Die ontwerptekst werd vervolgens zwaar bekritiseerd door de Raad van State, zo bleek uit haar advies dat mei vorig jaar openbaar kwam. Dat heeft ervoor gezorgd dat D66-Kamerlid Anne-Marijke Podt de wet opnieuw heeft aangepast tot de versie die nu voorligt.
Wat zijn dan de belangrijkste verschillen tussen de eerste en de tweede versie van de wet?
In de conceptwet is niet de arts degene die uitmaakt of een oudere met een doodswens zelfdodingsmiddelen krijgt. Dat is aan een levenseindebegeleider; een bijgeschoolde verpleegkundige, gezondheidszorgpsycholoog of psychotherapeut. De Raad van State vond de medische blik van een arts echter noodzakelijk. Daar komt D66 nu deels aan tegemoet: de levenseindebegeleider is verplicht vooraf advies in te winnen bij de arts. Die moet aangeven in hoeverre er bij de oudere in kwestie sprake is van medische kwalen die behandelbaar zijn.

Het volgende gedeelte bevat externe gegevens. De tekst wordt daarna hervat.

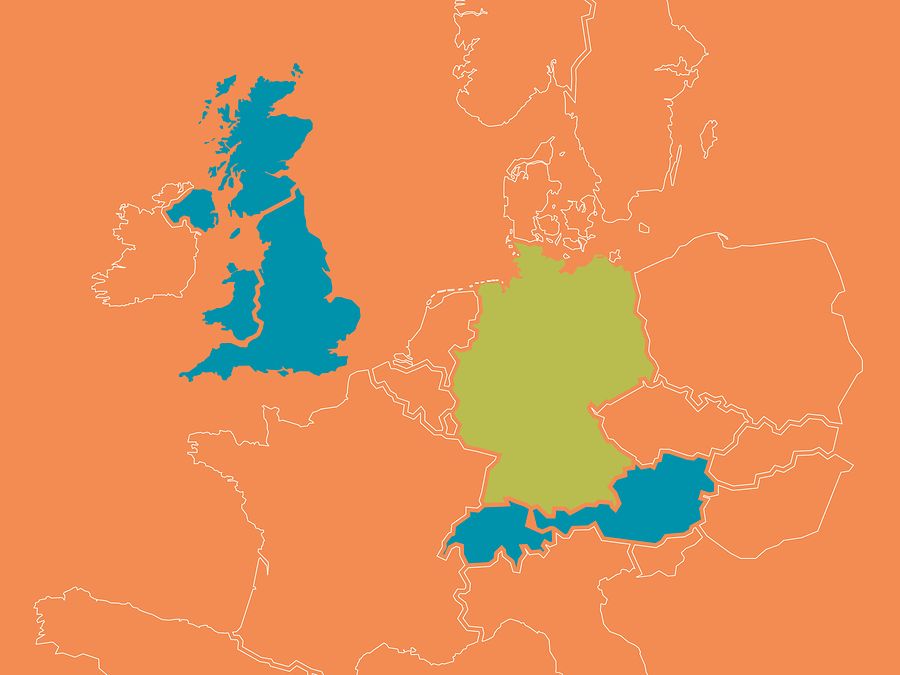 Standorte, Händler, Exportpartner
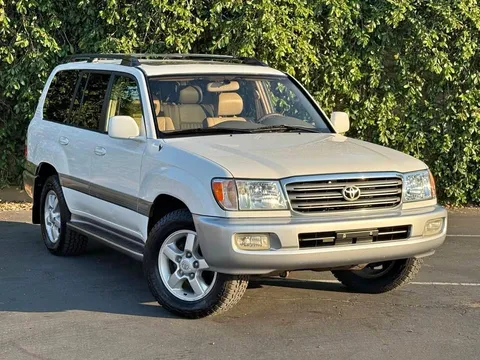 2005 Toyota Land Cruiser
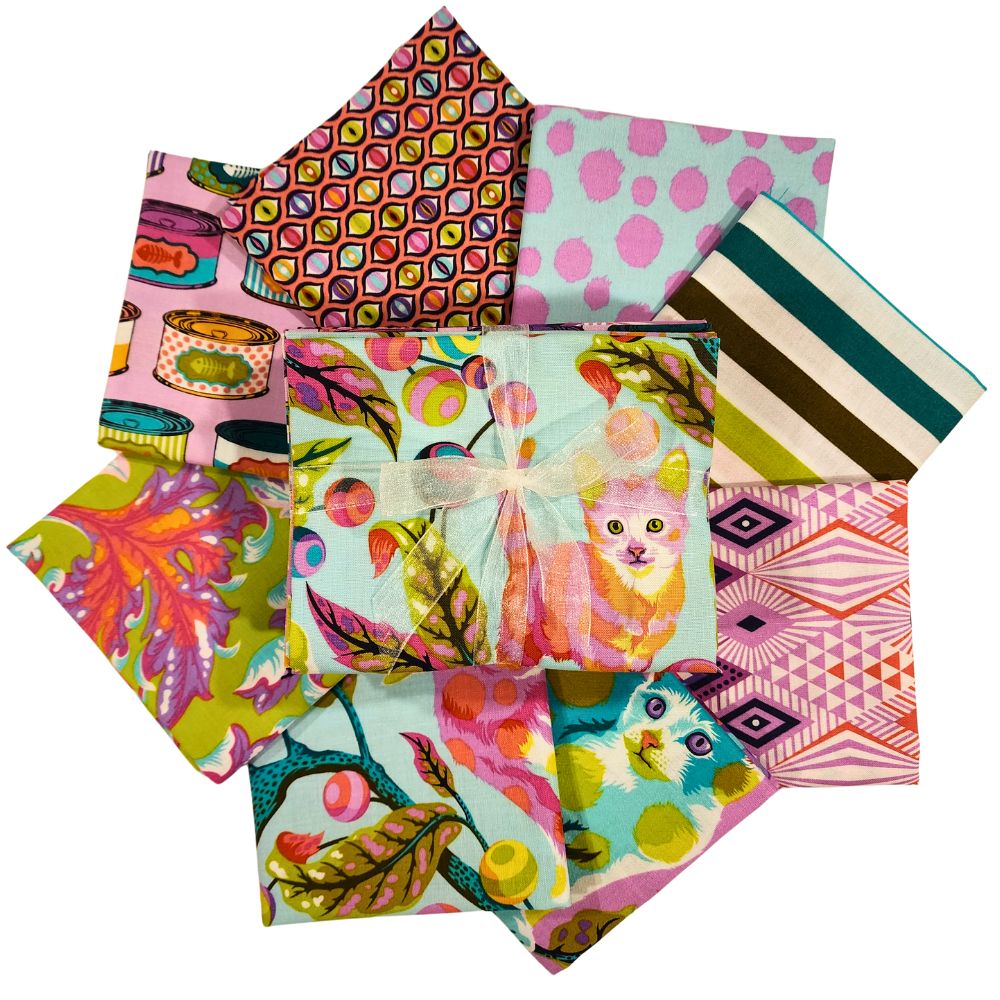 PRÉCOMMANDE - Tabby Road (Deja Vu) Fat Quarter Bundle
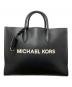 MICHAEL KORS (マイケルコース) トートバッグ ブラック 未使用品：17000円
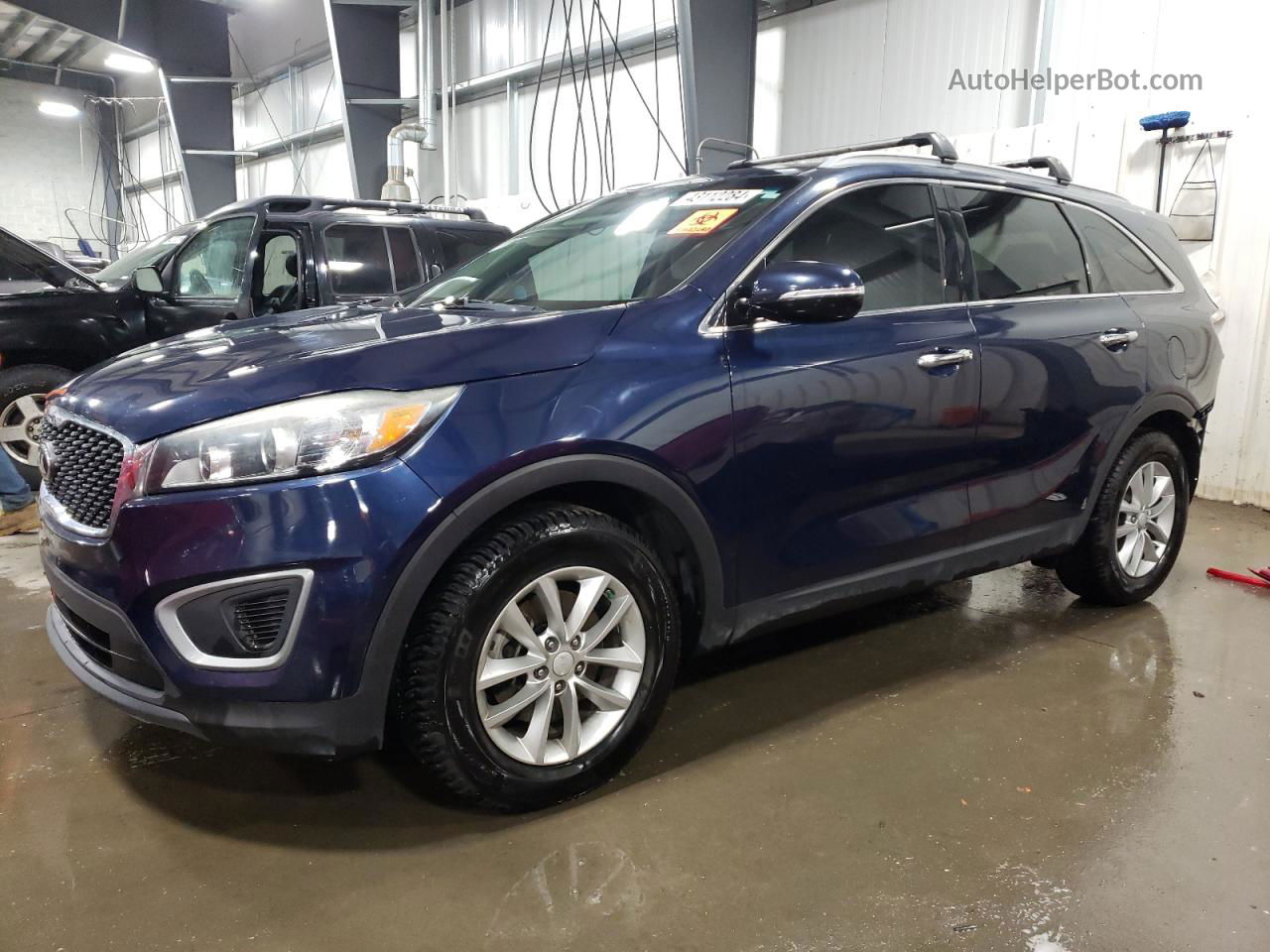 2017 Kia Sorento Lx Blue vin: 5XYPG4A36HG292835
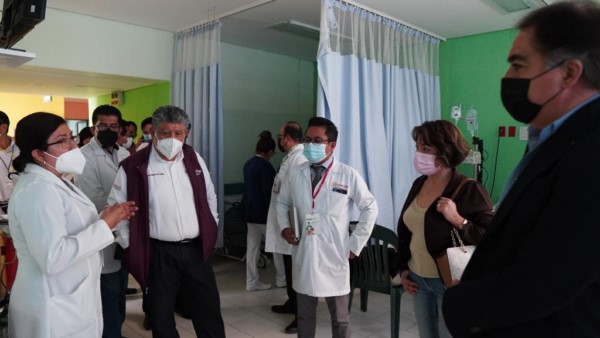 llevará a cabo una exhaustiva revisión en la red médica, a fin de corregir el rezago en el sector salud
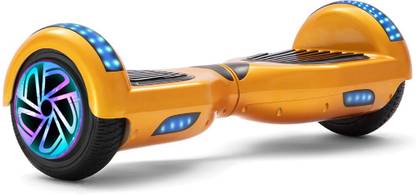 HOVERBOT Hoverboard Self balancing scooter with Bluetooth speakers and LED Light HoverBoard Scooter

Een tweede verandering hangt hiermee samen: de beslistermijn. In de conceptversie moesten de levenseindebegeleider en de oudere elkaar binnen een termijn van minimaal twee maanden minstens twee keer treffen. Die frequentie en die termijn schaalt D66 nu op: in plaats van twee gesprekken komen er drie, terwijl de beraadtermijn naar zes maanden gaat.
Hoe nu verder?
De verkiezingsuitslag zal medebepalend zijn. Als het initiatief bij de Tweede Kamer blijft, zal D66 de steun vooral proberen te zoeken bij VVD, GL-PvdA, PvdD, FVD en Volt, maar of er een meerderheid voor de wet tot stand komt, is nu nog ongewis.